Congress must intervene. Either that or Britney Spears must make a surprise appearance, attempting to "sing" and "dance." True, it's a Band-Aid solution, but at least viewers will wake up long enough to laugh.
Athens: The Dawn of Democracy
Monday, 8 pm (WHA)
You'd expect a PBS special on Athenian democracy to trudge through the pieties. Two and a half millennia ago, Athens laid the cornerstone of Western civilization, creating standards of liberty and equality that we strive to live up to today.
But no - this is a revisionist look at the subject. "Democracy triumphed briefly and was then forgotten," says host Bettany Hughes.
According to Hughes, we've whitewashed ancient Greece, turning it into a democratic fantasy. She shatters our illusions by showing Athens as a city that constantly voted to go to war. It ruthlessly carved out an empire to enrich itself.
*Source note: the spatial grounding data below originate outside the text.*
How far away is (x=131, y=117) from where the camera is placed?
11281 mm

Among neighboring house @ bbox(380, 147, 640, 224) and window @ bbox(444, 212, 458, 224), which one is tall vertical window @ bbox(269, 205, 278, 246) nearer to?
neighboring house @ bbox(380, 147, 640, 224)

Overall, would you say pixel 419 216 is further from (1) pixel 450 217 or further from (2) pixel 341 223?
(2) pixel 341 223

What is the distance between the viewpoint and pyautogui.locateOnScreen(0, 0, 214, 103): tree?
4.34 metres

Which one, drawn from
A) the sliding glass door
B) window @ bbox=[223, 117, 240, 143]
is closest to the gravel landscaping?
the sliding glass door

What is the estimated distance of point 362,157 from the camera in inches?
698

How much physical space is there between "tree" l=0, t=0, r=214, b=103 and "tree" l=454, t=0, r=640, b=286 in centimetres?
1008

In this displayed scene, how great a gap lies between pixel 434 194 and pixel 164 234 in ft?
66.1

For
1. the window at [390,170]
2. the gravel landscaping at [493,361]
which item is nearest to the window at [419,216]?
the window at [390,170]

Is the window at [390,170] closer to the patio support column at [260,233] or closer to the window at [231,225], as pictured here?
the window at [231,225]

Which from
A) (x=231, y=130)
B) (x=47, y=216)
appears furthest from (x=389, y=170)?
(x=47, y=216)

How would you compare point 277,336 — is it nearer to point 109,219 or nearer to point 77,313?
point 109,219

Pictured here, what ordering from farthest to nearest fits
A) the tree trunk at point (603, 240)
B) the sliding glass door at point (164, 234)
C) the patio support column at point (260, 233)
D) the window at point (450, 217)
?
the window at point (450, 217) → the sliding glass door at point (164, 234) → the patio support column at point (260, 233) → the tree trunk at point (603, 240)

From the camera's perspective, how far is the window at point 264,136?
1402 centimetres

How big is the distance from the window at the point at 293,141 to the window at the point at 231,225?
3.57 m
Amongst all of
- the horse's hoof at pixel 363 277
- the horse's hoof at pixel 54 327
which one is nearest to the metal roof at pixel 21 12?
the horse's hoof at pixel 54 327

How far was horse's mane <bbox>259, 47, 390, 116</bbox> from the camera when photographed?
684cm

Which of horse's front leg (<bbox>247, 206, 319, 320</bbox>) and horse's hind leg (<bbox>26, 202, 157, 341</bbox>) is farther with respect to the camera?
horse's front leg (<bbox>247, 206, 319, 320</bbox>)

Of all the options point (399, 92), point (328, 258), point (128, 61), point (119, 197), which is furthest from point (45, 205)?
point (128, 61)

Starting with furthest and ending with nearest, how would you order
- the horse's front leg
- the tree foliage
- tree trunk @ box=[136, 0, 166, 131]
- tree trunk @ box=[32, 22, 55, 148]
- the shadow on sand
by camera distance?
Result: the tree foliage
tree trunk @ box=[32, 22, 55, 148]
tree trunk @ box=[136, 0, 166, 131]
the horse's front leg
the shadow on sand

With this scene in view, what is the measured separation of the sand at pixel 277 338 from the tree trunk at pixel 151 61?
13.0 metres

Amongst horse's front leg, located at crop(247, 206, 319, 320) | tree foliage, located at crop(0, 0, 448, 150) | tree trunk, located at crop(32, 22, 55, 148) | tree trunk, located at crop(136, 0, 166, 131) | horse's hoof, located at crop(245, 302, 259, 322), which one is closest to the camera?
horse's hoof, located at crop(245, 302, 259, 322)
It championed freedom of speech but couldn't tolerate criticism from within.
And by the way, there's no Santa Claus, either.
Tuesday, 10 pm (TBS)
Every generation has its own impressionist genius, and Frank Caliendo may be ours. His new sketch comedy series features guest appearances by Al Pacino, Robert De Niro, John Madden, Jack Nicholson, Jay Leno and Dr. Phil, or at least close approximations of them.
Caliendo's George W. Bush is especially devastating. This is Bush as Dunderhead in Chief, grinning vapidly during each doomed foray into speaking English. Caliendo's impression is almost as fun as impeachment.